WHAT IS REQUIRED >> From the listing below, restate word for word the lines from the line containing "hp-1x16gb-ddr5-5600-necc-sodimm-56284559.jpg" down through the line containing "TCMB’den döviz satışına". Exclude pictures.

PROVIDED DATA >>
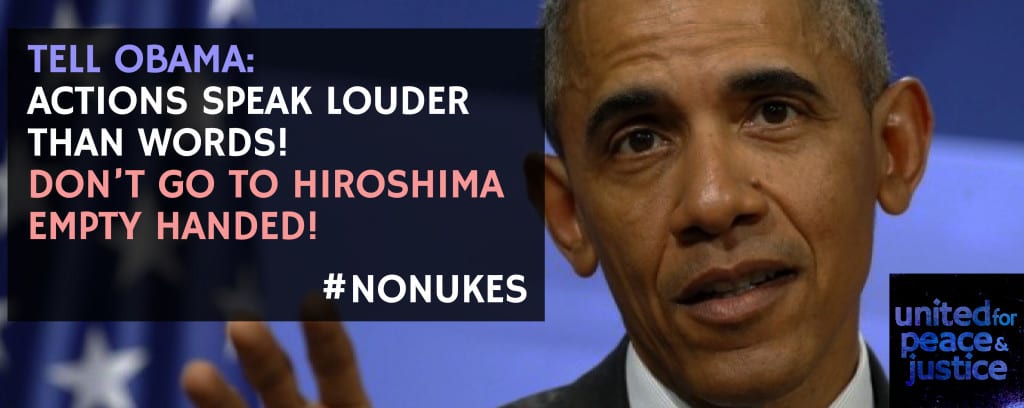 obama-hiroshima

...

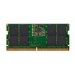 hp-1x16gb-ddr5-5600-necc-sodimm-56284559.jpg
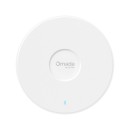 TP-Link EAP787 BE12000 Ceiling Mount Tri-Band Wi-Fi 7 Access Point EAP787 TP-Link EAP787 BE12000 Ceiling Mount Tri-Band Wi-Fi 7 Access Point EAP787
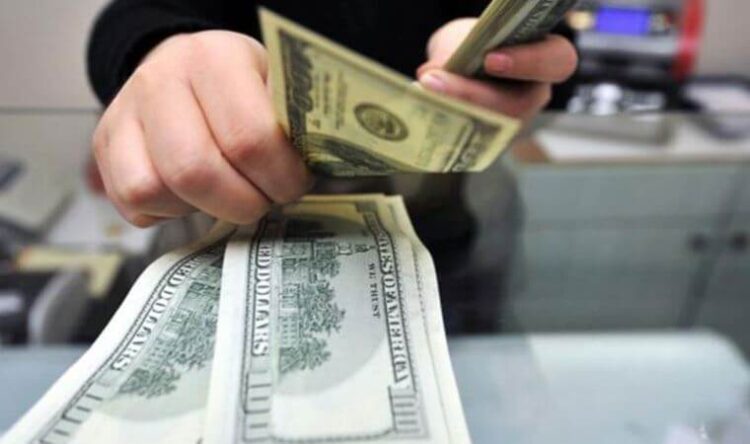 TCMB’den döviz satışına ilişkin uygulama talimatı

RESPONSE AREA >>
 hp-1x16gb-ddr5-5600-necc-sodimm-56284559.jpg
 TP-Link EAP787 BE12000 Ceiling Mount Tri-Band Wi-Fi 7 Access Point EAP787 TP-Link EAP787 BE12000 Ceiling Mount Tri-Band Wi-Fi 7 Access Point EAP787
 TCMB’den döviz satışına ilişkin uygulama talimatı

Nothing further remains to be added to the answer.